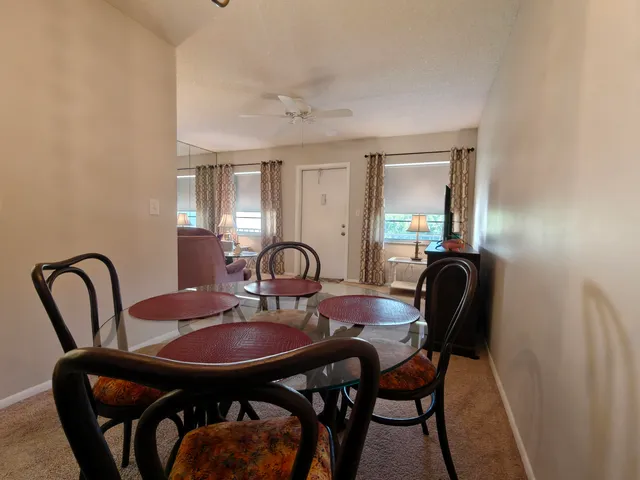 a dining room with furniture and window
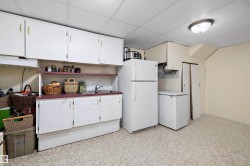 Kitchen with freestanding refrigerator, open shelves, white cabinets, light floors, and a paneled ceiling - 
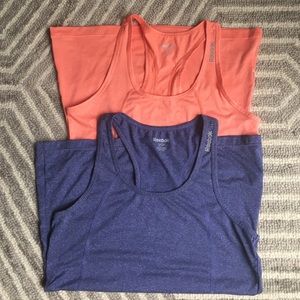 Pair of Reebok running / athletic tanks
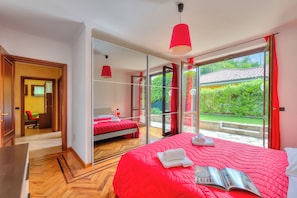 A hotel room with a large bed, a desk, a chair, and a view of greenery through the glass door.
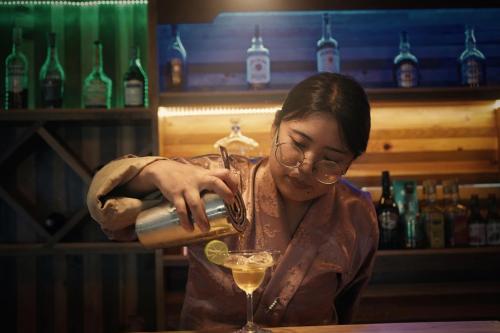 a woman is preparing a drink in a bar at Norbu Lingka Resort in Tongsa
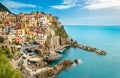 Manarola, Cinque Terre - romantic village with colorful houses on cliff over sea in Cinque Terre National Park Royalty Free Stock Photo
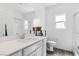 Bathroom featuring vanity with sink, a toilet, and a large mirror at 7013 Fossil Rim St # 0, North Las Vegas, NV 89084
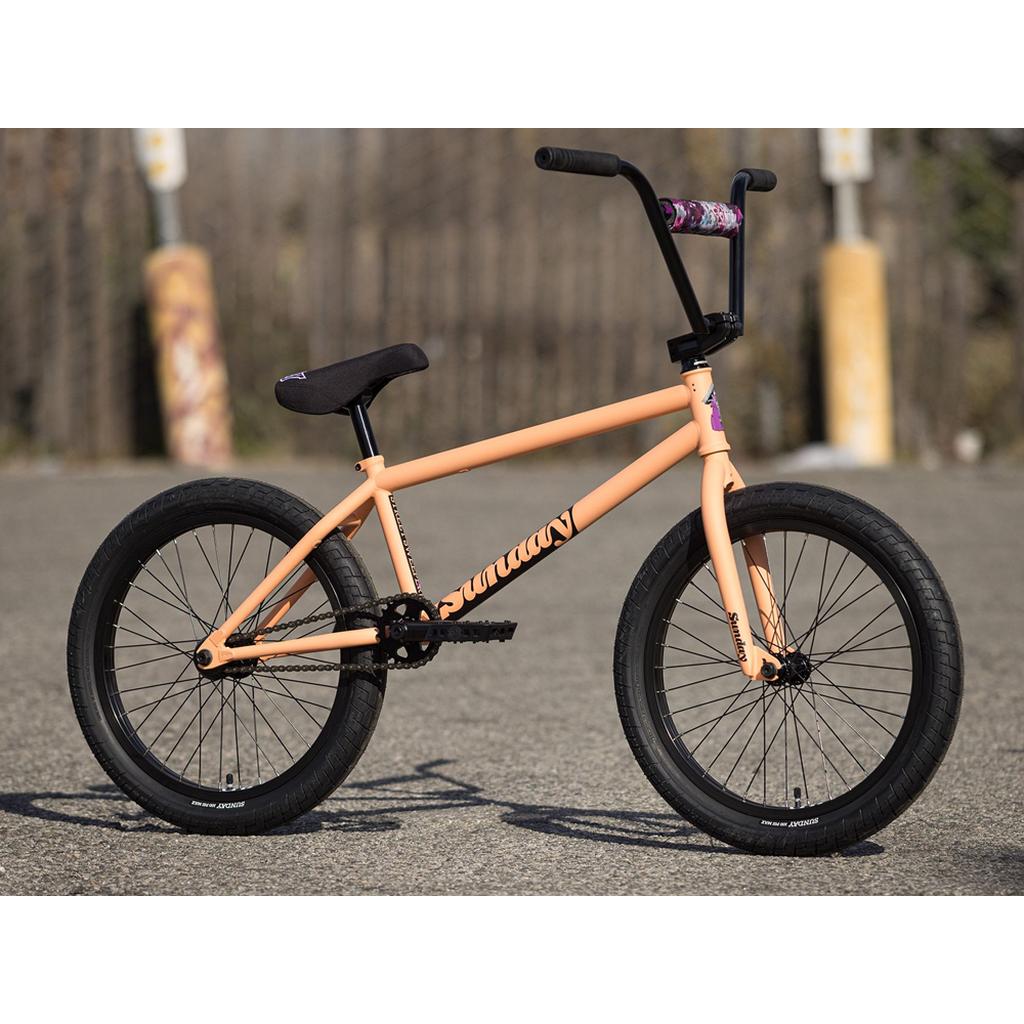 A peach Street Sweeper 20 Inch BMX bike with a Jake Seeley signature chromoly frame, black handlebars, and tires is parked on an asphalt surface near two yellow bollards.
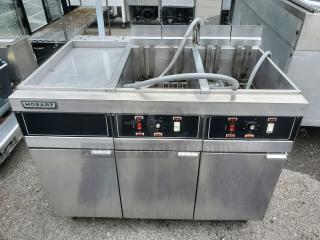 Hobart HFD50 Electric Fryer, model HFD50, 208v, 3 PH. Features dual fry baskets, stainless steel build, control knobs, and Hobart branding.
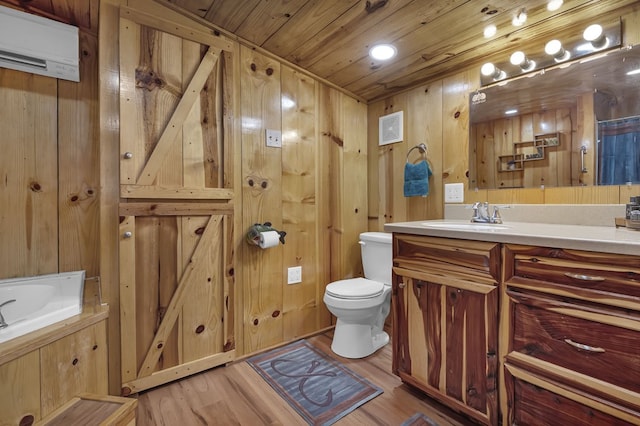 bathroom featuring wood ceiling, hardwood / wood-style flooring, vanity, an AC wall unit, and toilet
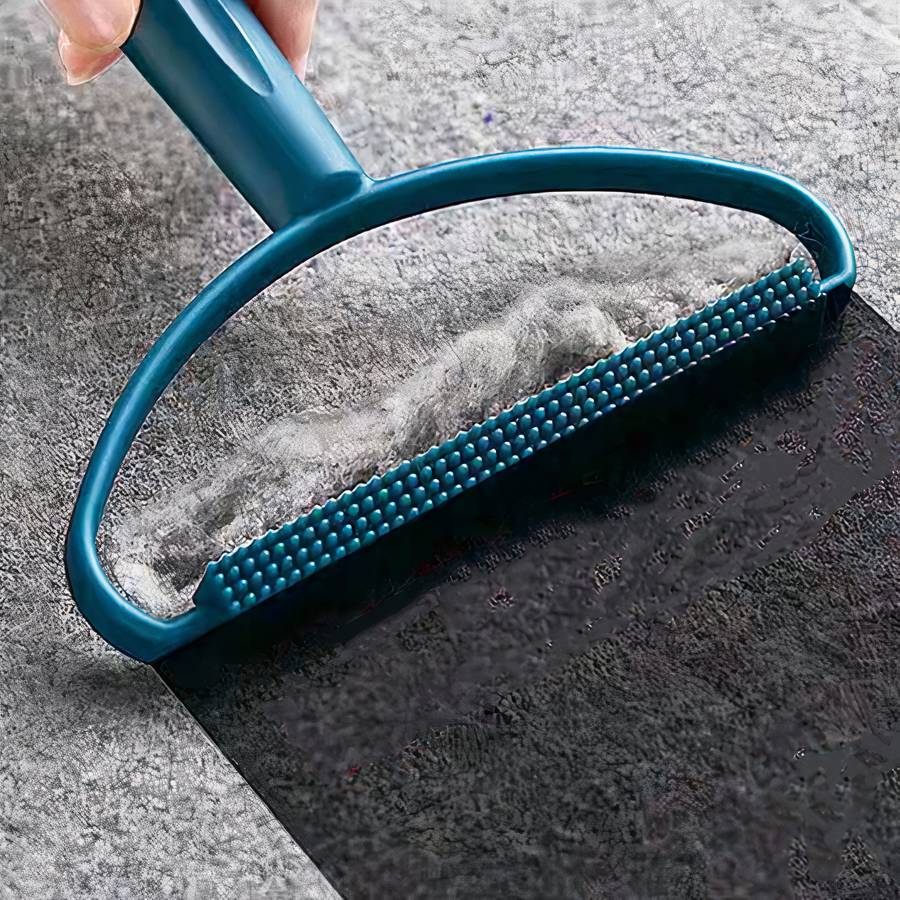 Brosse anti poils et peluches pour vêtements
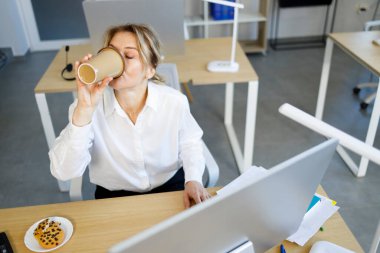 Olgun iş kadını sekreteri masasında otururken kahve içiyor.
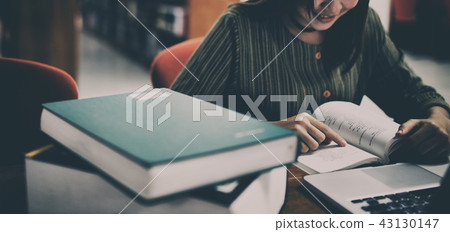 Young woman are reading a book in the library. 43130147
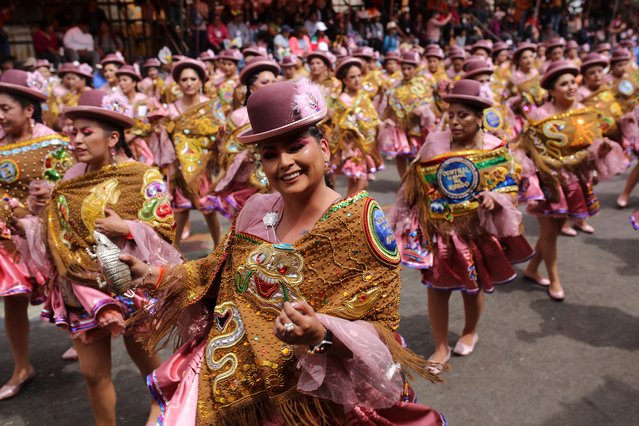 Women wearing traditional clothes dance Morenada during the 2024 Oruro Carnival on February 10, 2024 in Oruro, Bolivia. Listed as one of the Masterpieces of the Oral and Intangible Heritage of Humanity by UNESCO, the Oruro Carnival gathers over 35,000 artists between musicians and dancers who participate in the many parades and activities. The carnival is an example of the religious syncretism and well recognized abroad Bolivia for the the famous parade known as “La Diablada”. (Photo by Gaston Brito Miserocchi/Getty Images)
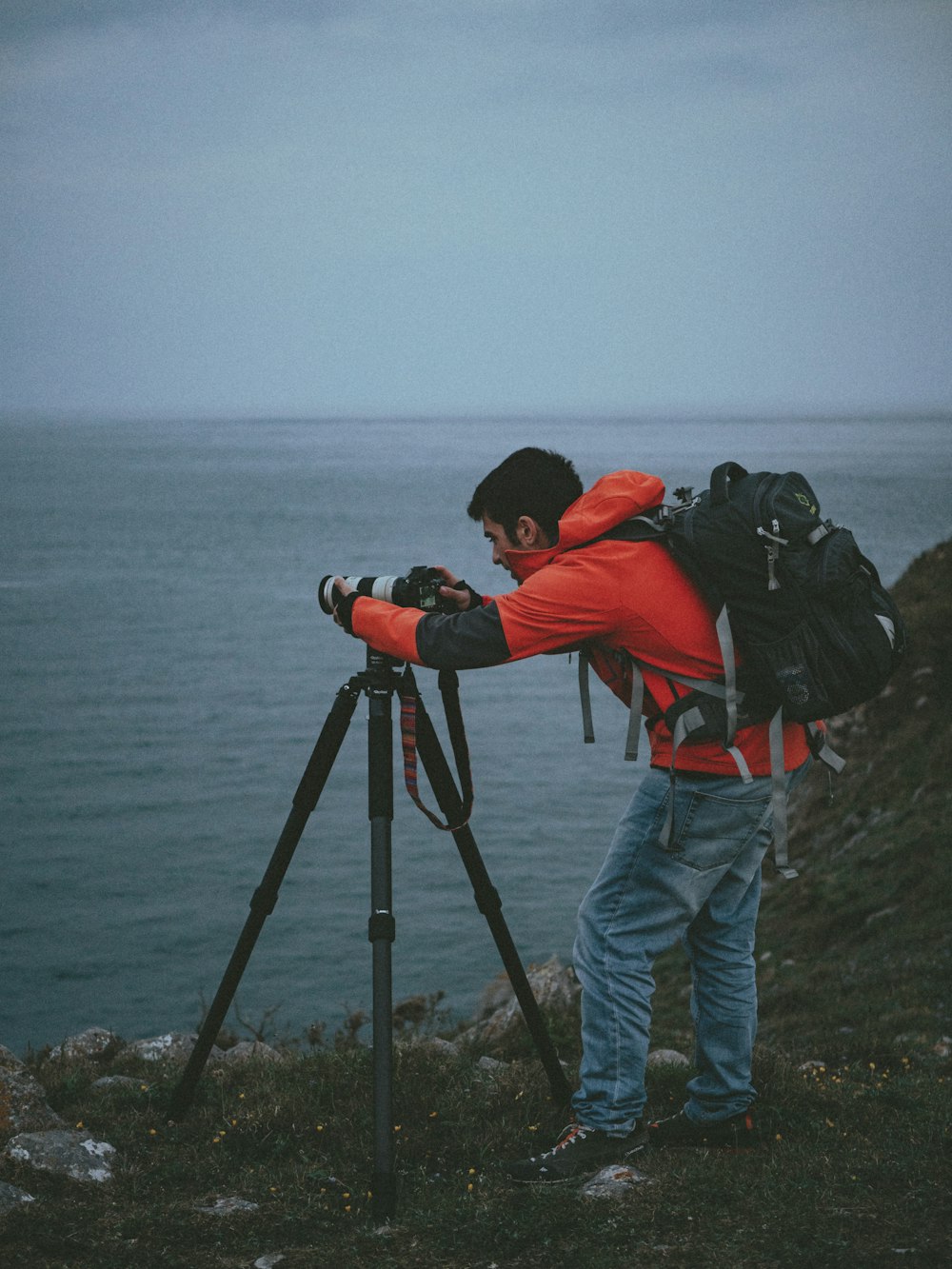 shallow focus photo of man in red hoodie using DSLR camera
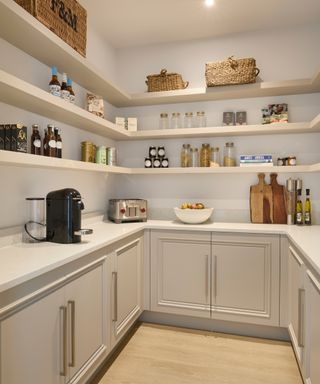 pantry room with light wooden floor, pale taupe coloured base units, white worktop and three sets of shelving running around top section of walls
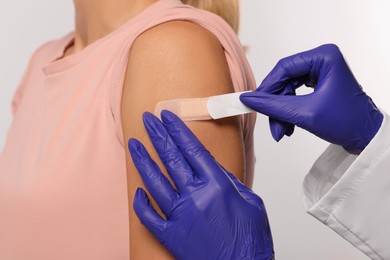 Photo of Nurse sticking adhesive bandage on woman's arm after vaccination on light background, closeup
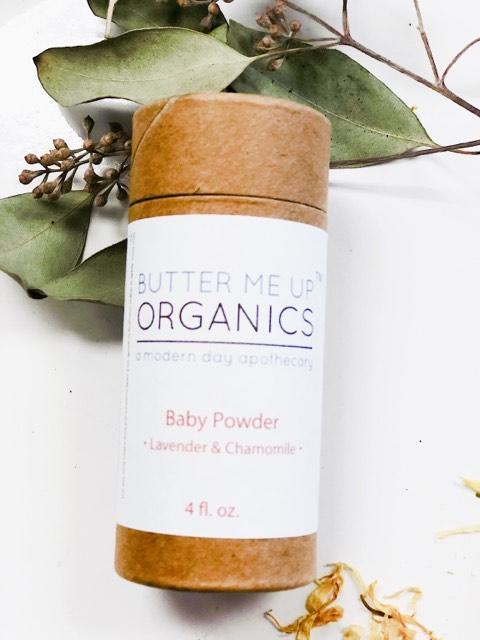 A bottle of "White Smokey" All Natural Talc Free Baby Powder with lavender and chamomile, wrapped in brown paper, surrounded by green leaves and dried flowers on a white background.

################

**Task to complete**
Using the records above, reproduce exactly the lines from the line containing "pantry room with" through the last line, with both ends kept and no pictures.

**Problem solution**
 pantry room with light wooden floor, pale taupe coloured base units, white worktop and three sets of shelving running around top section of walls
 Photo of Nurse sticking adhesive bandage on woman's arm after vaccination on light background, closeup
 A bottle of "White Smokey" All Natural Talc Free Baby Powder with lavender and chamomile, wrapped in brown paper, surrounded by green leaves and dried flowers on a white background.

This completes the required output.